## Your assignment
Copy out all of the lines below exactly; the pictures do not belong in the copy.

## Available data
Content starts

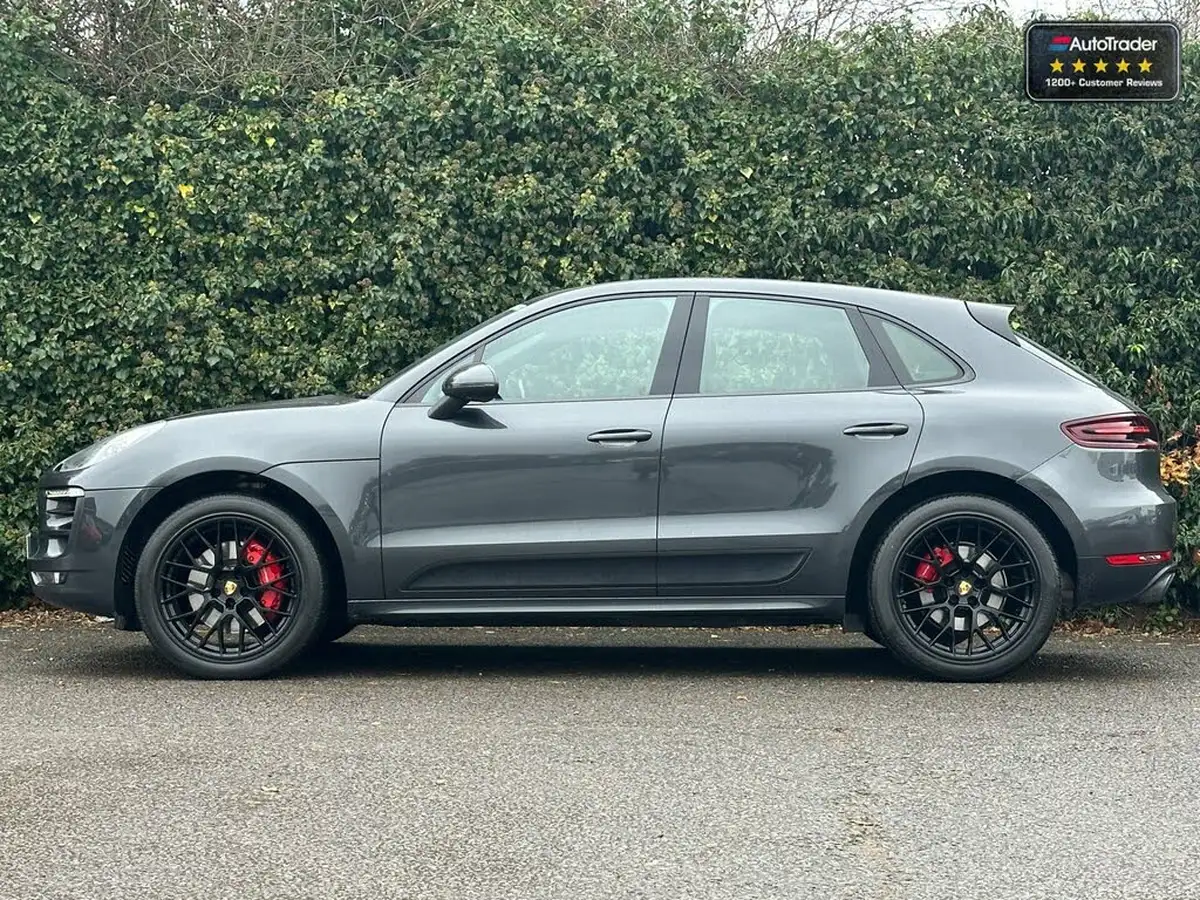 2018-porsche-macan-30-gts-big-5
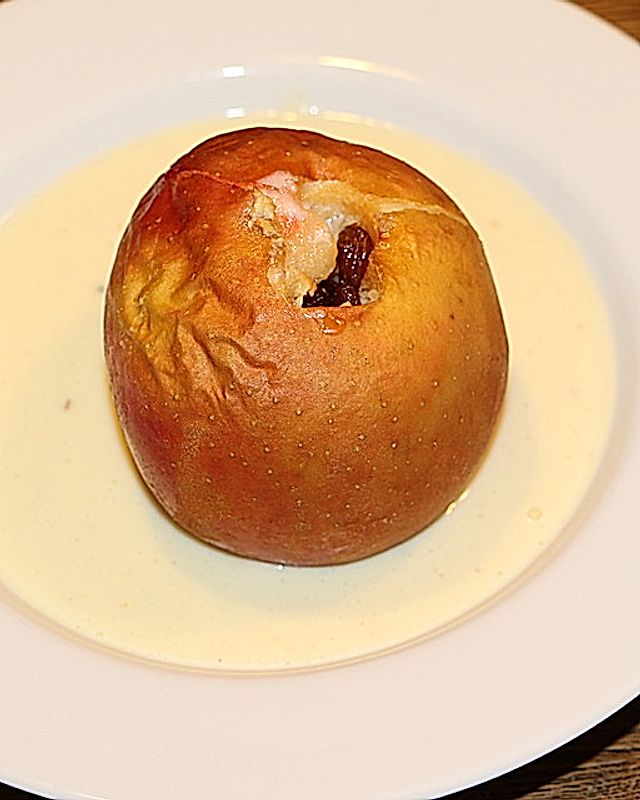 Bratapfel mit Marzipanfüllung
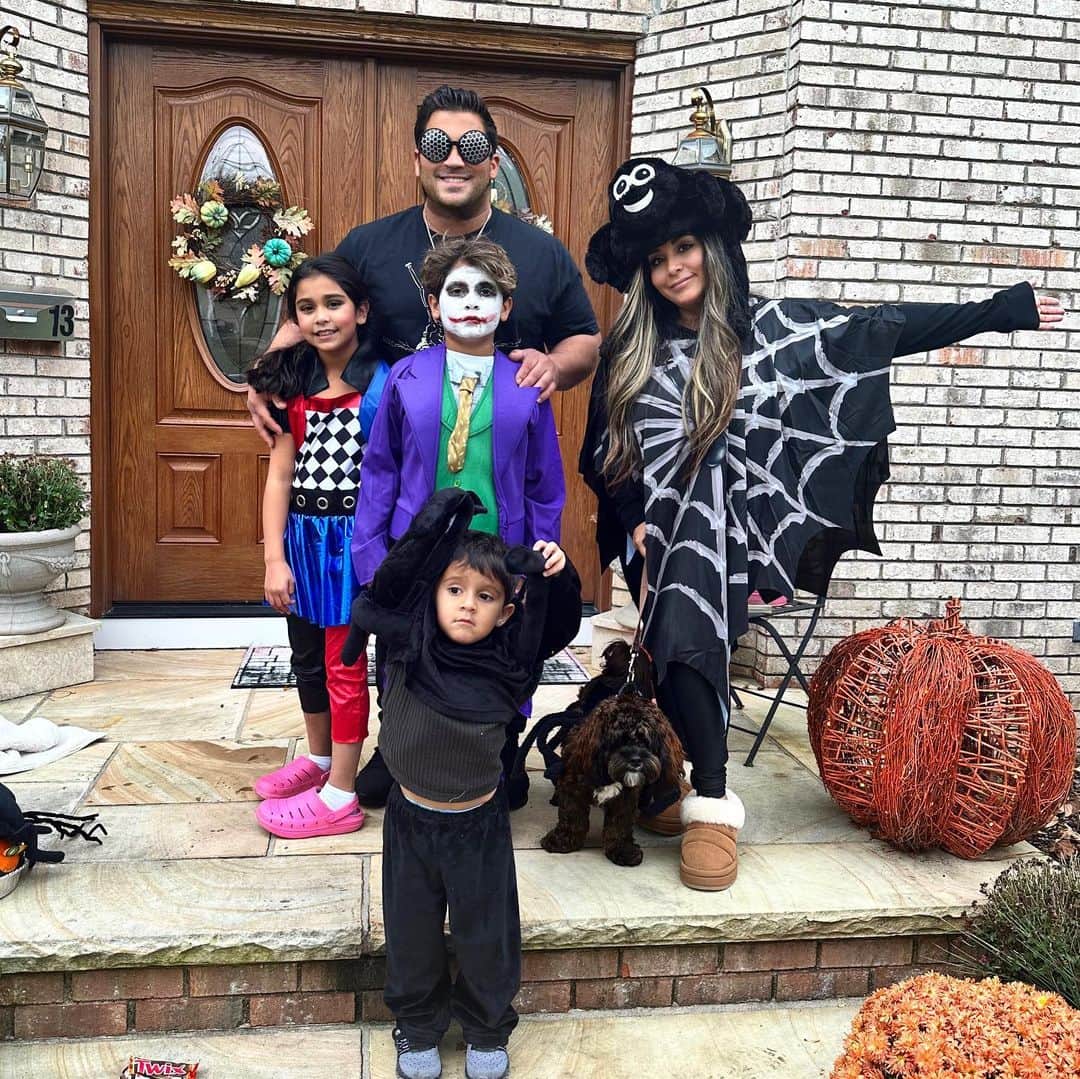 ニコール・ ポリッツィのインスタグラム：「HAPPY HALLOWEEN from my squad 🎃  (Crusaders, he’s a fly. 🪰)」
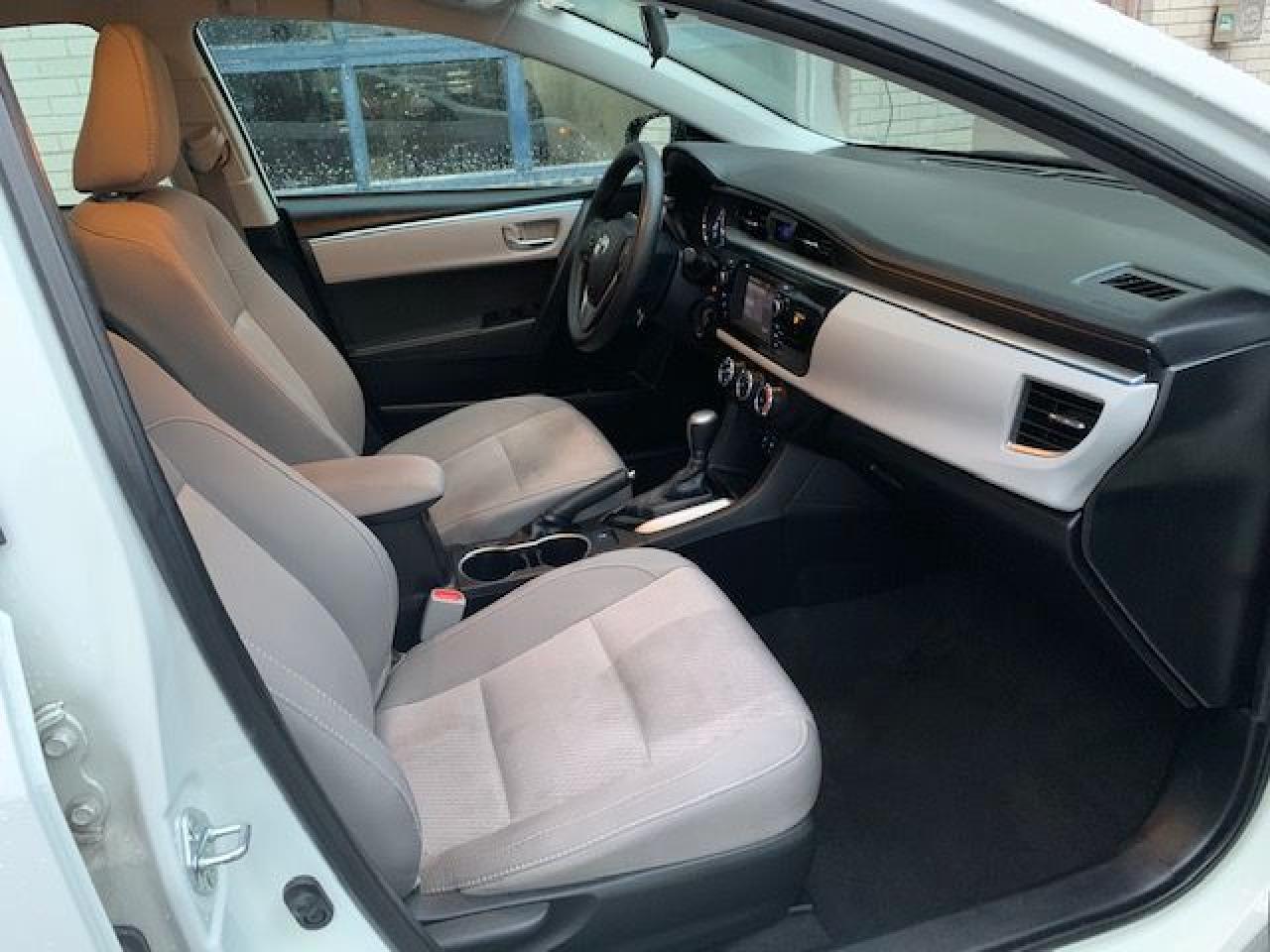 2015 Toyota Corolla LE, BacK-up Camera, No Accidents! - Photo #22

Content ends

## Response for this exercise
 2018-porsche-macan-30-gts-big-5
 Bratapfel mit Marzipanfüllung
 ニコール・ ポリッツィのインスタグラム：「HAPPY HALLOWEEN from my squad 🎃  (Crusaders, he’s a fly. 🪰)」
 2015 Toyota Corolla LE, BacK-up Camera, No Accidents! - Photo #22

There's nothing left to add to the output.